[Opening STORED DATA section]

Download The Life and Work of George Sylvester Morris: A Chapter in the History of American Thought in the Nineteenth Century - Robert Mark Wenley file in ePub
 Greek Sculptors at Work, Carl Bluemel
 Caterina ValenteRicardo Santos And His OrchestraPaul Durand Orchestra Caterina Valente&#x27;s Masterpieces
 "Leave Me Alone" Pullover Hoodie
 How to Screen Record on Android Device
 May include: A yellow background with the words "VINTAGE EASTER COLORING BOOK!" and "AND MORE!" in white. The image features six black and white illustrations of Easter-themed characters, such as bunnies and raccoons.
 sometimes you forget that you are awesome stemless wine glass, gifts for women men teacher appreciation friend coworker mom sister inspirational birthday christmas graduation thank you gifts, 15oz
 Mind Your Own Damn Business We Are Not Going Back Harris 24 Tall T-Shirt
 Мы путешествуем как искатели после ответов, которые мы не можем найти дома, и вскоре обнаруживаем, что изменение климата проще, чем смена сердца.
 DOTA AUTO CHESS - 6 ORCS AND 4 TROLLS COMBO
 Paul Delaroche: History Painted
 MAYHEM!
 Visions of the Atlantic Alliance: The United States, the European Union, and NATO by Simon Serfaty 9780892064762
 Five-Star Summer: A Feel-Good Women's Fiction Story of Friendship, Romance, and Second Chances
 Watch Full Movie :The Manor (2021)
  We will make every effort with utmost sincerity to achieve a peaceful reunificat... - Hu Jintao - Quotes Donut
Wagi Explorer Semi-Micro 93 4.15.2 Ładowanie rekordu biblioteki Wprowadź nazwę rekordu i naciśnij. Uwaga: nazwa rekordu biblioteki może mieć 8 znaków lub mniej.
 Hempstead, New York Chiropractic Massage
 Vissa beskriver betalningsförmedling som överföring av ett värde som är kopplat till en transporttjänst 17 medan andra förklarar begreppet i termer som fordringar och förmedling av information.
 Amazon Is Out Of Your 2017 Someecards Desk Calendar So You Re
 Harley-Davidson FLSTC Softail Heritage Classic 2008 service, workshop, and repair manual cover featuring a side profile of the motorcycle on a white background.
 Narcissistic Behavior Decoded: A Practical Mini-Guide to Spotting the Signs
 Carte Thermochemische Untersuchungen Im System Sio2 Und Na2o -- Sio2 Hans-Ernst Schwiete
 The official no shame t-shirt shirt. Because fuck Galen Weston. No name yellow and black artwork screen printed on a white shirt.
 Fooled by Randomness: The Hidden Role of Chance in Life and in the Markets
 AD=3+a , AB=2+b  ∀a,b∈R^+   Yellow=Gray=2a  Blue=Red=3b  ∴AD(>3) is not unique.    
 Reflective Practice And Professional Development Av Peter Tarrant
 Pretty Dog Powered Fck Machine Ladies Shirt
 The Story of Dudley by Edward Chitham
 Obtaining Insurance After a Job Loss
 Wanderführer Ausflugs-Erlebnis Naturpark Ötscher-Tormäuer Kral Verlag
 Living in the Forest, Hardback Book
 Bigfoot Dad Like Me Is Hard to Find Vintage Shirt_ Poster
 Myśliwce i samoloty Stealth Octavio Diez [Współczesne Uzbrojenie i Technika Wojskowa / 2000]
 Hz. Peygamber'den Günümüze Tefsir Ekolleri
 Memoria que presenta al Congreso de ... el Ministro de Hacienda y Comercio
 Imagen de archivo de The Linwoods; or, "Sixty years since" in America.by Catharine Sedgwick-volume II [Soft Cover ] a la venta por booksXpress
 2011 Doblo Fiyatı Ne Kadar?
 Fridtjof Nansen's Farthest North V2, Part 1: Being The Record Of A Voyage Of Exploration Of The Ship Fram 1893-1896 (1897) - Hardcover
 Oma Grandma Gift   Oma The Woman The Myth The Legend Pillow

[Closing STORED DATA section]

**WORK REQUEST:**
An exact transcription of the data above is required.

**TASK SOLUTION:**
Download The Life and Work of George Sylvester Morris: A Chapter in the History of American Thought in the Nineteenth Century - Robert Mark Wenley file in ePub
 Greek Sculptors at Work, Carl Bluemel
 Caterina ValenteRicardo Santos And His OrchestraPaul Durand Orchestra Caterina Valente&#x27;s Masterpieces
 "Leave Me Alone" Pullover Hoodie
 How to Screen Record on Android Device
 May include: A yellow background with the words "VINTAGE EASTER COLORING BOOK!" and "AND MORE!" in white. The image features six black and white illustrations of Easter-themed characters, such as bunnies and raccoons.
 sometimes you forget that you are awesome stemless wine glass, gifts for women men teacher appreciation friend coworker mom sister inspirational birthday christmas graduation thank you gifts, 15oz
 Mind Your Own Damn Business We Are Not Going Back Harris 24 Tall T-Shirt
 Мы путешествуем как искатели после ответов, которые мы не можем найти дома, и вскоре обнаруживаем, что изменение климата проще, чем смена сердца.
 DOTA AUTO CHESS - 6 ORCS AND 4 TROLLS COMBO
 Paul Delaroche: History Painted
 MAYHEM!
 Visions of the Atlantic Alliance: The United States, the European Union, and NATO by Simon Serfaty 9780892064762
 Five-Star Summer: A Feel-Good Women's Fiction Story of Friendship, Romance, and Second Chances
 Watch Full Movie :The Manor (2021)
  We will make every effort with utmost sincerity to achieve a peaceful reunificat... - Hu Jintao - Quotes Donut
Wagi Explorer Semi-Micro 93 4.15.2 Ładowanie rekordu biblioteki Wprowadź nazwę rekordu i naciśnij. Uwaga: nazwa rekordu biblioteki może mieć 8 znaków lub mniej.
 Hempstead, New York Chiropractic Massage
 Vissa beskriver betalningsförmedling som överföring av ett värde som är kopplat till en transporttjänst 17 medan andra förklarar begreppet i termer som fordringar och förmedling av information.
 Amazon Is Out Of Your 2017 Someecards Desk Calendar So You Re
 Harley-Davidson FLSTC Softail Heritage Classic 2008 service, workshop, and repair manual cover featuring a side profile of the motorcycle on a white background.
 Narcissistic Behavior Decoded: A Practical Mini-Guide to Spotting the Signs
 Carte Thermochemische Untersuchungen Im System Sio2 Und Na2o -- Sio2 Hans-Ernst Schwiete
 The official no shame t-shirt shirt. Because fuck Galen Weston. No name yellow and black artwork screen printed on a white shirt.
 Fooled by Randomness: The Hidden Role of Chance in Life and in the Markets
 AD=3+a , AB=2+b  ∀a,b∈R^+   Yellow=Gray=2a  Blue=Red=3b  ∴AD(>3) is not unique.    
 Reflective Practice And Professional Development Av Peter Tarrant
 Pretty Dog Powered Fck Machine Ladies Shirt
 The Story of Dudley by Edward Chitham
 Obtaining Insurance After a Job Loss
 Wanderführer Ausflugs-Erlebnis Naturpark Ötscher-Tormäuer Kral Verlag
 Living in the Forest, Hardback Book
 Bigfoot Dad Like Me Is Hard to Find Vintage Shirt_ Poster
 Myśliwce i samoloty Stealth Octavio Diez [Współczesne Uzbrojenie i Technika Wojskowa / 2000]
 Hz. Peygamber'den Günümüze Tefsir Ekolleri
 Memoria que presenta al Congreso de ... el Ministro de Hacienda y Comercio
 Imagen de archivo de The Linwoods; or, "Sixty years since" in America.by Catharine Sedgwick-volume II [Soft Cover ] a la venta por booksXpress
 2011 Doblo Fiyatı Ne Kadar?
 Fridtjof Nansen's Farthest North V2, Part 1: Being The Record Of A Voyage Of Exploration Of The Ship Fram 1893-1896 (1897) - Hardcover
 Oma Grandma Gift   Oma The Woman The Myth The Legend Pillow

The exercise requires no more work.